美しい映像詩の世界
スペイン、ビクトル・エリセ監督、99分
1940年ごろのスペインの村、公民館に映画の巡回上映のトラックがやってくる。上映されるのは「フランケンシュタイン」だった。
幼いアナと姉のイサベルは息をつめてスクリーンを見つめていた。
映画の中でフランケンシュタインは少女を殺し、フランケンシュタインも殺される。アナは」「なぜ殺したの」と姉のイサベルに訊く。

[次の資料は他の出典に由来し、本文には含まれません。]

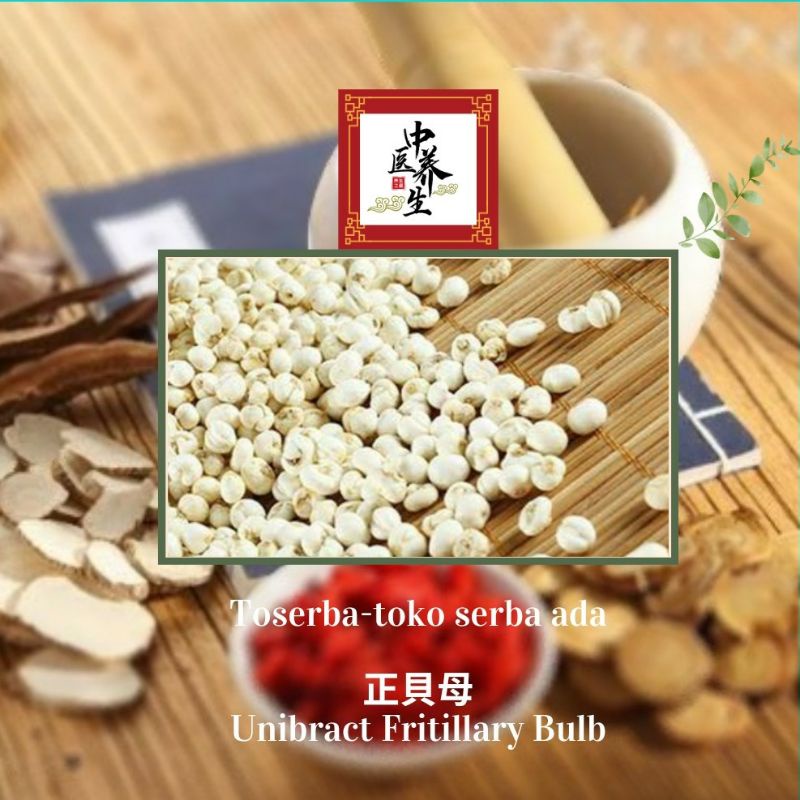 

100gr Herbal Zheng Bei Mu 正貝母 Jian Bei Mu 尖貝母Unibract Fritillary Bulb Grade A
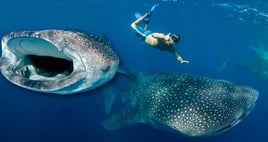 Cancún Whale Shark Tour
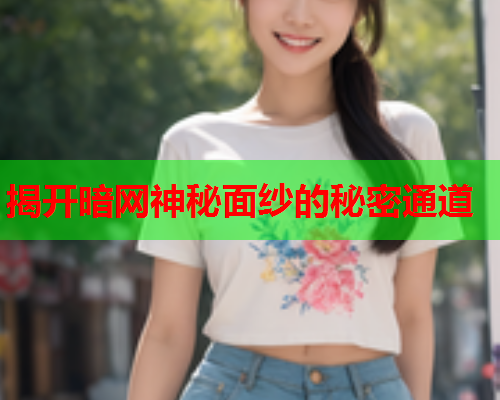 揭开暗网神秘面纱的秘密通道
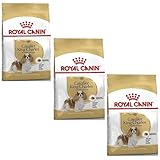 ロイヤルカナン BHN キャバリア キング チャールズ 成犬・高齢犬用 1.5kg×3個セット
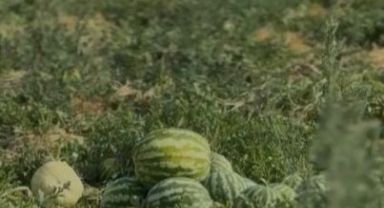 İncesu Karpuzu, Adana ve Diyarbakır’a rakip oldu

少女も怪物も死んでいなくて、フランケンシュタインは精霊で村はずれの一軒家に隠れている、昼間は見えないけれど呼びかければ現れるとイサベルは説明する。
アナは一人で一軒家を訪ねてみるが誰もいなかった。
ある日、列車から飛び降りた脱走兵が一軒家に逃げ込んでくる。アナはその男に林檎を差し出す。そしてオルゴール付きの懐中時計がはいっていた父親のコートを渡す、
母親の秘密の手紙、父親のミツバチ観察、毒キノコの話、イサベルが黒猫の首を絞める、指についた血を唇につける、学校の人体標本の授業、どこまでも続く線路・・ストーリーとは無関係のような小さなエピソードがなぜか心に残る。
空想と現実の区別がつかない幼いアナの心象がスペインの荒涼とした風景の中で描かれる。
アナは「精霊とお友達になればいつでも話すことができる」と信じていた。目を閉じて「わたしはアナよ」と精霊に話しかける。見事な作品だった。